# Carpentry work



## dandiamond11 (Feb 13, 2016)

Hi any one know we're in Canada would be the best to find carpentery jobs iv been looking at Edmonton alberta but I just wanted other opinions


----------



## Auld Yin (Mar 10, 2009)

dandiamond11 said:


> Hi any one know we're in Canada would be the best to find carpentery jobs iv been looking at Edmonton alberta but I just wanted other opinions


Lots of residential/high rise building happening in the Toronto area.


----------



## dandiamond11 (Feb 13, 2016)

Thanks do you know if Canada recognises UK qualifications


----------



## JT9688 (Jan 19, 2016)

dandiamond11 said:


> Thanks do you know if Canada recognises UK qualifications


Canada is going through a downturn at the moment and it is pretty slow in lots of places. You could probably look in British Columbia as construction projects are coming down the pipe this spring. You might also want to look at places like Manitoba and Saskatchewan. More work there as well. Alberta is very very slow right now. 

Carpentry as a mandatory trade is decided upon by the provinces so depending on the province you go to, there are requirements for the trades. In Alberta and Saskatchewan Carpentry is an optional trade so you do not need any requirements to work in those provinces. Usually it is trades such as electrician, plumbing, HVAC, that are mandatory trades Carpentry seems to be more of an optional in most provinces.


----------



## dandiamond11 (Feb 13, 2016)

Are the places you have mentioned expensive places to live? Thanks for all the information


----------



## WestCoastCanadianGirl (Mar 17, 2012)

Vancouver is stupidly expensive... London like in the cost of living, when compared to other parts of Canada.


----------



## colchar (Oct 25, 2011)

dandiamond11 said:


> Thanks do you know if Canada recognises UK qualifications



Carpentry will be regulated provincially and it will also depend on which qualification you have.
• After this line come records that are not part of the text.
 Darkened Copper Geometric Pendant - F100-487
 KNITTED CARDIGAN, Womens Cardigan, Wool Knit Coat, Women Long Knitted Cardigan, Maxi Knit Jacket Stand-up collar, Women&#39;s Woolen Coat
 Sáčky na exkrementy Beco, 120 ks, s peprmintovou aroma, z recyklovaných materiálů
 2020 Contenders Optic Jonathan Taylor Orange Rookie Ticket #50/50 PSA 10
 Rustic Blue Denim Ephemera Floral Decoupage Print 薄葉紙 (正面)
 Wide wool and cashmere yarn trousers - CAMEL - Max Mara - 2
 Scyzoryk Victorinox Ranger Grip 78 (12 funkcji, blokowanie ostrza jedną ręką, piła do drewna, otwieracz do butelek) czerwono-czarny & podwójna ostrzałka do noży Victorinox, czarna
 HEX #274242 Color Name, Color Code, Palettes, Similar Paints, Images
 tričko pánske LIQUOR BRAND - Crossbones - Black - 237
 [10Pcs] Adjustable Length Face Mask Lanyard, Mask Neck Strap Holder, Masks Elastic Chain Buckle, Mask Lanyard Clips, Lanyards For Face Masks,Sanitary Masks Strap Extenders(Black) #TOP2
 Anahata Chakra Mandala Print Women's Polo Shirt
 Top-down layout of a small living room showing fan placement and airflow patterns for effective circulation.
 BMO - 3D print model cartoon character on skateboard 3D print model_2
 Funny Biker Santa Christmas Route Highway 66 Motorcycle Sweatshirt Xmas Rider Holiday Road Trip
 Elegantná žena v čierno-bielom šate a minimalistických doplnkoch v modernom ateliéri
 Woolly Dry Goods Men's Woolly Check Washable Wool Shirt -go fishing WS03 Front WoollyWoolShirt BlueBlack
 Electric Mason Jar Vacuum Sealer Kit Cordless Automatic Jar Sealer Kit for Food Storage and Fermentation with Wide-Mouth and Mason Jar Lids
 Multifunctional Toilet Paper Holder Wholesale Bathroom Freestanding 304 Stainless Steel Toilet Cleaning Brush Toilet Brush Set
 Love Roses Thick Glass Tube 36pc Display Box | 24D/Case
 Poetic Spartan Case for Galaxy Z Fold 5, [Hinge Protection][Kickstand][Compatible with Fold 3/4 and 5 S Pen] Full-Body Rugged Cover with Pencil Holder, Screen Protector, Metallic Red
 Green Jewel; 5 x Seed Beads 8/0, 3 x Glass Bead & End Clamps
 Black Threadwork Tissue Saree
For example, NVQs are meaningless here and are not recognized.


----------



## JALT (Mar 8, 2016)

dandiamond11 said:


> Hi any one know we're in Canada would be the best to find carpentery jobs iv been looking at Edmonton alberta but I just wanted other opinions


My mate's a UK carpenter moved to Regina Saskatchewan. Took him about 4 months to find work with a good CV (years of experience), but it's only a temporary contract. Don't know too much about it myself but I've heard him say that carpentry out here is a lot different to carpentry in the UK. Something like carpentry out here is almost lumped in with general construction so you might be doing plaster boards etc as well... can't help much more, but suggest you look at a few job adverts at the job description. Check out saskjobs.ca

Hope that's of some help


----------



## JT9688 (Jan 19, 2016)

dandiamond11 said:


> Are the places you have mentioned expensive places to live? Thanks for all the information


Not a problem. Manitoba and Saskatchewan are relatively reasonable however housing in Manitoba is much cheaper than Saskatchewan. 

As indicated Vancouver is much more expensive than you can anticipate. I believe cost of housing in Vancouver has been equated to New York so that gives you an idea. 

Carpentry is an optional trade in both Manitoba and Saskatchewan so no need to write journeyman red seal in those provinces. 

There are many types of carpentry work so it depends also on what you are looking for:

Finishing carpenter (fine carpentry work)
Cabinet builders (Manitoba - Morden has a special program as they want cabinetmakers there)
Framing carpenters
Rough Carpenters (I believe you call them cribbing carpenters) etc.

So just make sure you know what jobs you are applying for. 

Hope that helps


----------